Les déclarations d'un député du Rassemblement national comparant un débat fiscal au génocide au Rwanda ont provoqué une indignation unanime à l'Assemblée nationale jeudi 15 janvier. Frédéric-Pierre Vos, élu de l'Oise, a ironisé sur la taille des Hutu et des Tutsi, inversant victimes et bourreaux selon ses détracteurs. Des excuses ont été présentées par son groupe, tandis que des sanctions sont envisagées.
Lors des débats budgétaires à l'Assemblée nationale, le député RN Frédéric-Pierre Vos, représentant l'Oise, a tenu des propos controversés jeudi 15 janvier. Dans le cadre d'une discussion sur le pacte Dutreil – un dispositif fiscal accordant un abattement de 75 % sur les transmissions d'entreprises familiales –, il a déclaré : « La résistance à l’oppression, c’est de ne pas confondre égalité et égalitarisme, et vous transformer en Tutsi pour couper les Hutu sous prétexte qu’ils étaient plus grands ».

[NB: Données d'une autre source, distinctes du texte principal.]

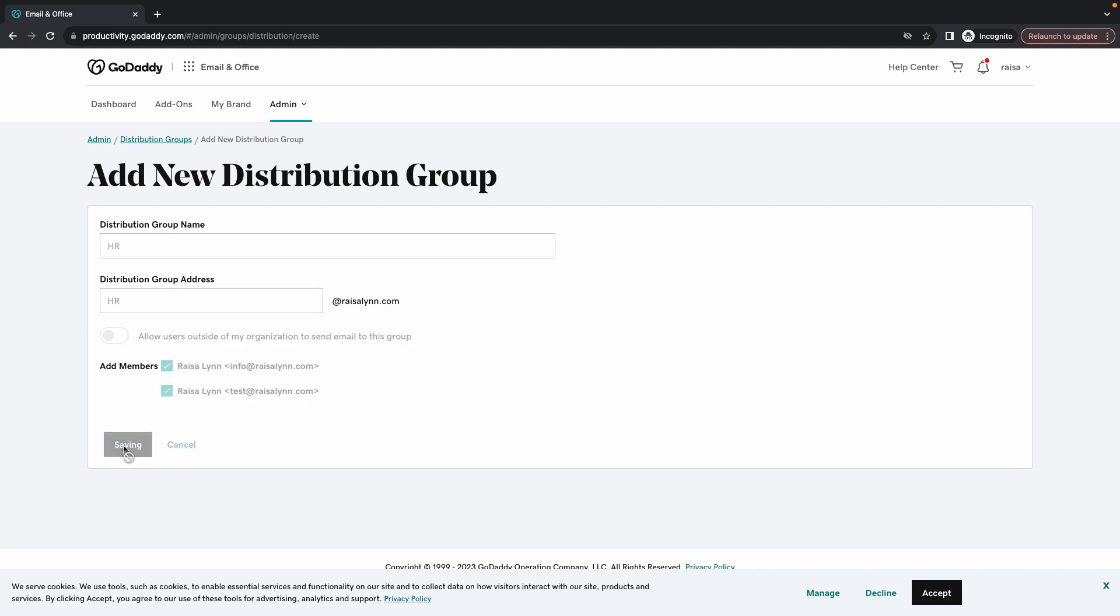It can take up to eight hours for it to become active, but that's how you set up an email distribution group. I'm Emma and thanks for watching.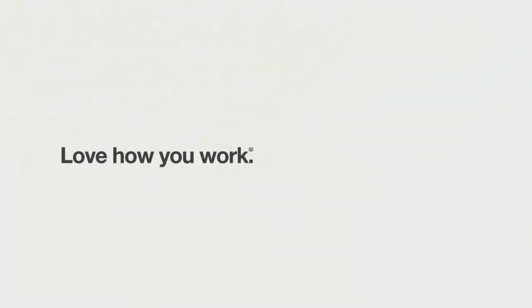At Steelcase, we are really excited about these new concepts. Ultimately, it'll change the way of how we work together, and our goal is to create great work experiences wherever work happens. And today, it's happening on video.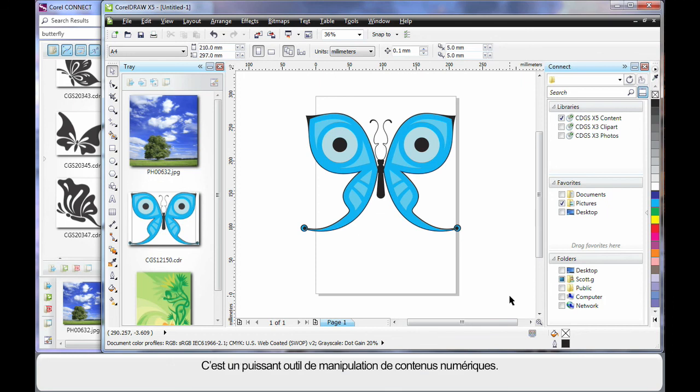Well this is a powerful way to handle your digital content. Well done Corel, I think it's a brilliant product.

Ces mots ont immédiatement suscité un tollé parmi tous les groupes parlementaires. Cyrielle Chatelain, présidente du groupe Ecologistes et social, les a qualifiés d'« absolument honteux », les assimilant à une attitude négationniste : « Comparer le fait de vouloir la juste contribution des Français à un génocide où des gens ont été tués à la machette, c’est inadmissible ».
Hervé Berville, député Renaissance des Côtes-d’Armor, né au Rwanda et orphelin tutsi, a dénoncé une phrase « intolérable » qui « inverse la victime et le bourreau ». Il a ajouté : « Cela dit beaucoup du chemin qu’il nous reste à parcourir pour faire en sorte que ce génocide des Tutsi au Rwanda soit pleinement reconnu ». Le génocide, survenu entre avril et juillet 1994, a causé plus de 800 000 morts selon l'ONU, principalement des Tutsi.

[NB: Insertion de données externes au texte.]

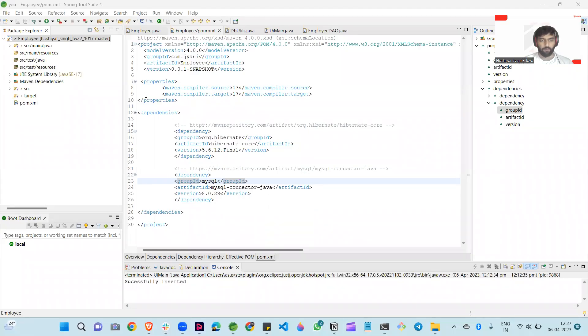Hello guys, in this video we are going to discuss about a Maven project. So how we can create a Maven project. In this video, we are learning from the scratch, like how we can create a project.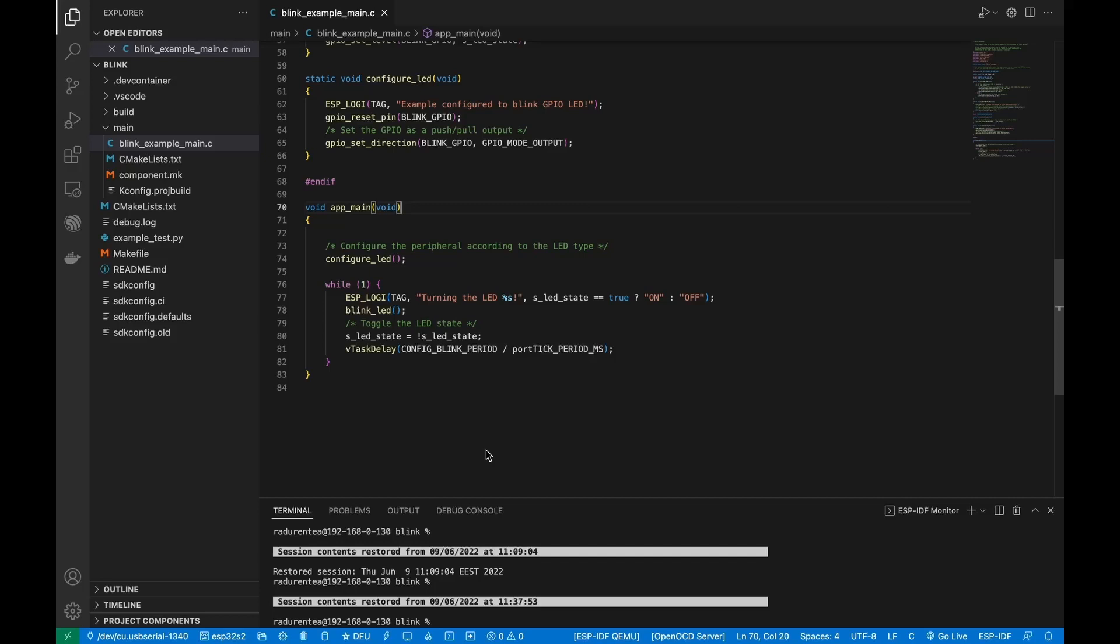We will be using the ESP-IDF jcov example for this tutorial since it's already configured to generate the GCDA and GCNO files.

Boris Vallaud, président du groupe Socialistes et apparentés, a appelé le bureau de l'Assemblée – compétent pour les sanctions – à se saisir de ces « propos extrêmement graves ». La présidente de séance, Marie-Agnès Poussier-Winsback (Horizons), a répondu : « Je saisirai la présidente ».
Du côté du RN, le député Jean-Philippe Tanguy, de la Somme, a présenté les excuses de son groupe : « Nous honorons la mémoire des victimes du génocide au Rwanda ».
Ces réactions soulignent la sensibilité persistante autour de la reconnaissance du génocide rwandais en France.